From the listing below, retype exactly the line holding "Замок двери задней", the line holding "Borgward BX7 28 T 2 WD Luxury 5-seat", and the lines between them; skip everything else.

§ Records provided
.....
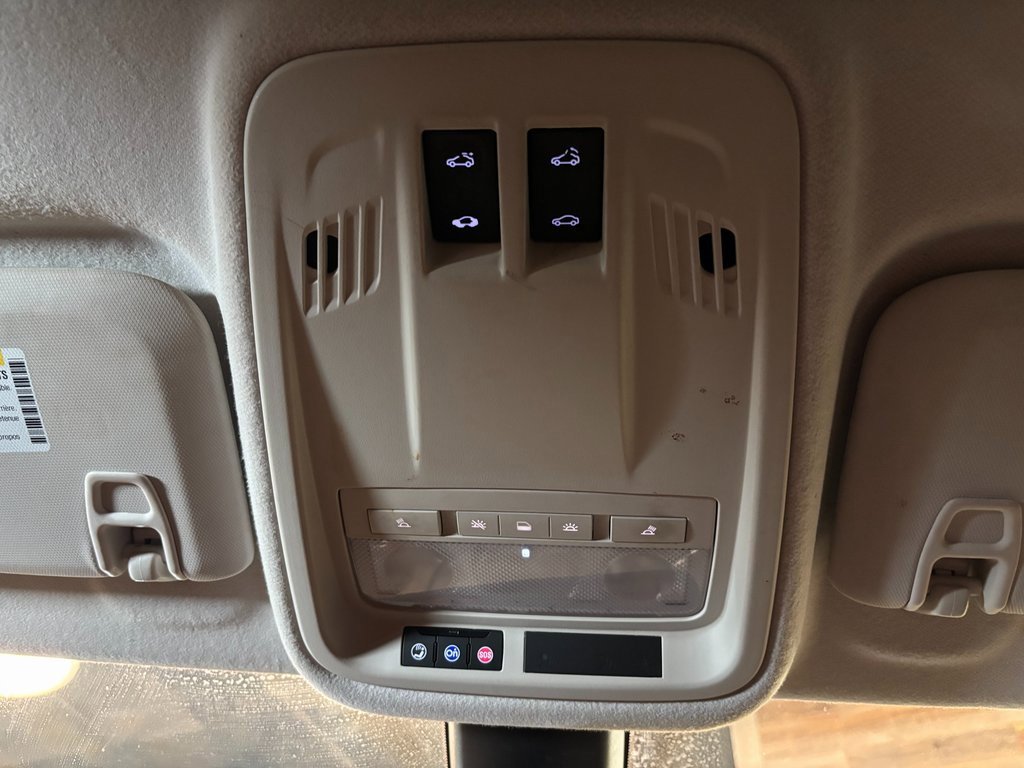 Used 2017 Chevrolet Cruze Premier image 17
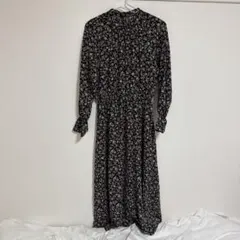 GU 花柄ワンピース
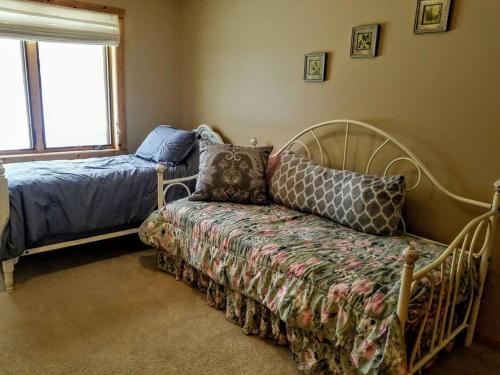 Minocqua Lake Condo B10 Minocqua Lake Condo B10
.....
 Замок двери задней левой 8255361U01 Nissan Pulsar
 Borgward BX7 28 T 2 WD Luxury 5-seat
.....
§ The answer
 Замок двери задней левой 8255361U01 Nissan Pulsar
 Borgward BX7 28 T 2 WD Luxury 5-seat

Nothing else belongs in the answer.